I have looked through the literature to see if there are any theorems
in
geometry that would immediately and automatically eliminate the idea
of
a arc of the tractrix never able to match an arc of the sphere
involved.
There is none.

However, there is a fact or quasi theorem in math that suggests there
is
an arc to match in both tractrix and sphere. The fact is Euler's
identity
of sine and cosine that yields e^(i x 2pi) = 1 wherein the pi relates
to the
sphere and "e" relates to the tractrix. So this identity suggests
there is
a matching arc in both tractrix and associated great circle of sphere
involved.

The idea behind the matching is that the sphere has a constant-arc-
curvature
but that the tractrix has what can be called a collection of sequental
varying arc curvatures wherein one of those arcs fits an associated
arc on the circle.


Archimedes Plutonium
www.iw.net/~a_plutonium
whole entire Universe is just one big atom
where dots of the electron-dot-cloud are galaxies
From: gudi on
On Feb 8, 1:33 pm, Archimedes Plutonium
<plutonium.archime...(a)gmail.com> wrote:
> Alright, I went to this website:
>
> http://en.wikipedia.org/wiki/File:Tractrix.png
>
> And then constructed a circle of equal radius to the picture shown.
> Then I moved the circle around on the tractrix to see if the arc of
> the
> circle matches the arc in the tractrix. It does not match very close
> to the cusp, but it does match about 1/2 ways from the cusp graph
> square
> into half of the next graph square.

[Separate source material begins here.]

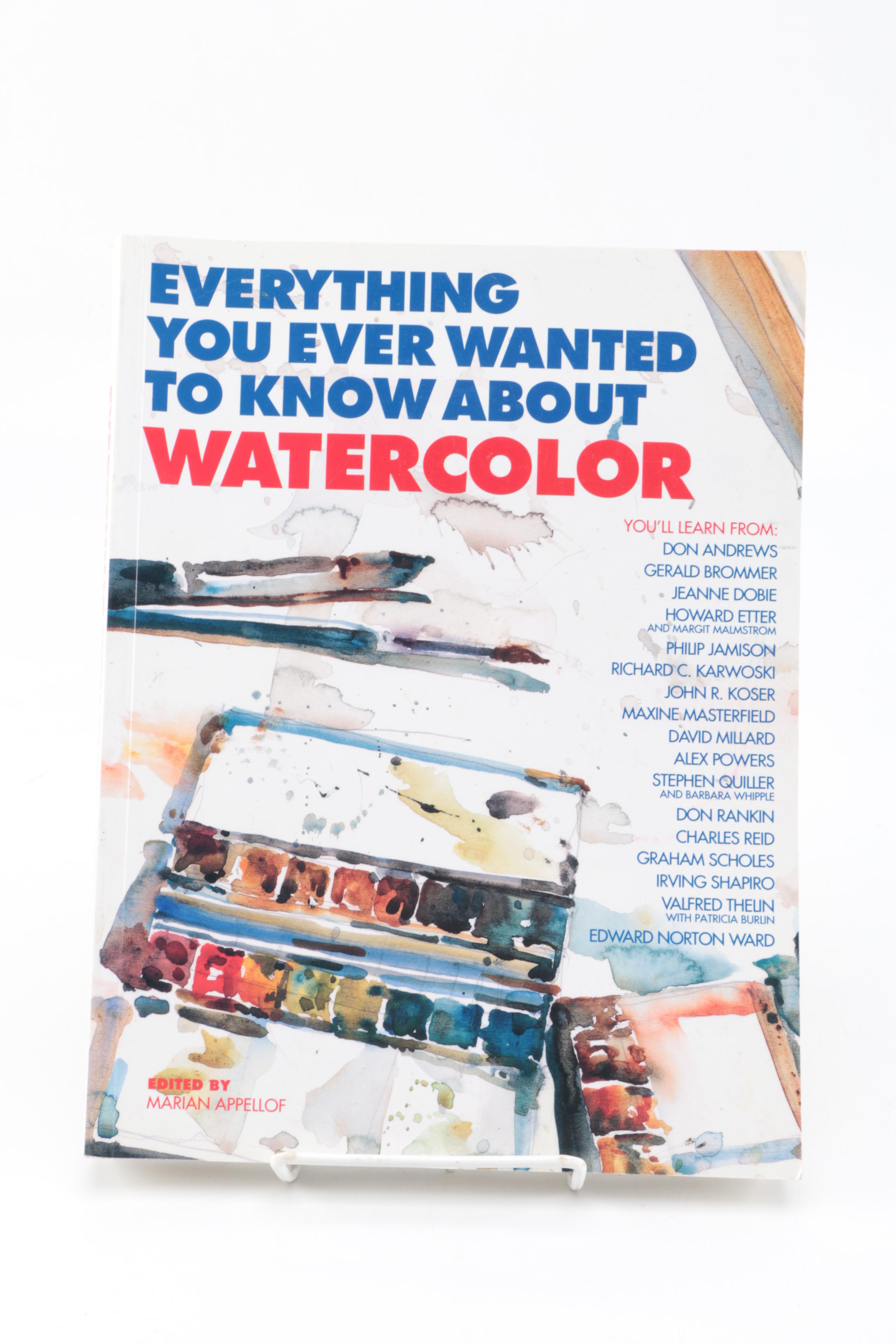 Collection of Watercolor Painting Instructional Books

From the squares of 0,3.5 to 0,
> 2.5
> looks like an alignment of arcs of the tractrix with circle. But the
> problem
> with this method is that the lines are too wide to really see any
> precision.
> But this method does lend credence to the idea that an arc of the
> tractrix
> matches an arc of the circle (sphere).
>
> I have looked through the literature to see if there are any theorems
> in
> geometry that would immediately and automatically eliminate the idea
> of
> a arc of the tractrix never able to match an arc of the sphere
> involved.
> There is none.
>
> However, there is a fact or quasi theorem in math that suggests there
> is
> an arc to match in both tractrix and sphere. The fact is Euler's
> identity
> of sine and cosine that yields e^(i x 2pi) = 1 wherein the pi relates
> to the
> sphere and "e" relates to the tractrix. So this identity suggests
> there is
> a matching arc in both tractrix and associated great circle of sphere
> involved.
>
> The idea behind the matching is that the sphere has a constant-arc-
> curvature
> but that the tractrix has what can be called a collection of sequental
> varying arc curvatures wherein one of those arcs fits an associated
> arc on the circle.

Why is it so exciting? Every non- circular curve has a variable
curvature.
Here what you are seeking does not even agree in the sign of
curvature.You
are finding nothing new here.

As a matter of fact,the radii of curvatures of a tractrix are too well
known:

R1 = - a Cot(ph), R2 = a Tan(ph) where ph is tangent slope. a is
pseudoradius.
R1 < 0 anticlastic. So at ph = pi/4, curvature is same, upto sign.

Instead of the narrow grid you asked that serves no purpose, I have
given a sketch
of catenoid which is the evolute of Tractrix.You can unwind a string
on a rigid
catenary to get pseudosphere meridian = Tractrix. You get an exact
curvature match further
down when ph = pi/4 or 45 degrees. But so what?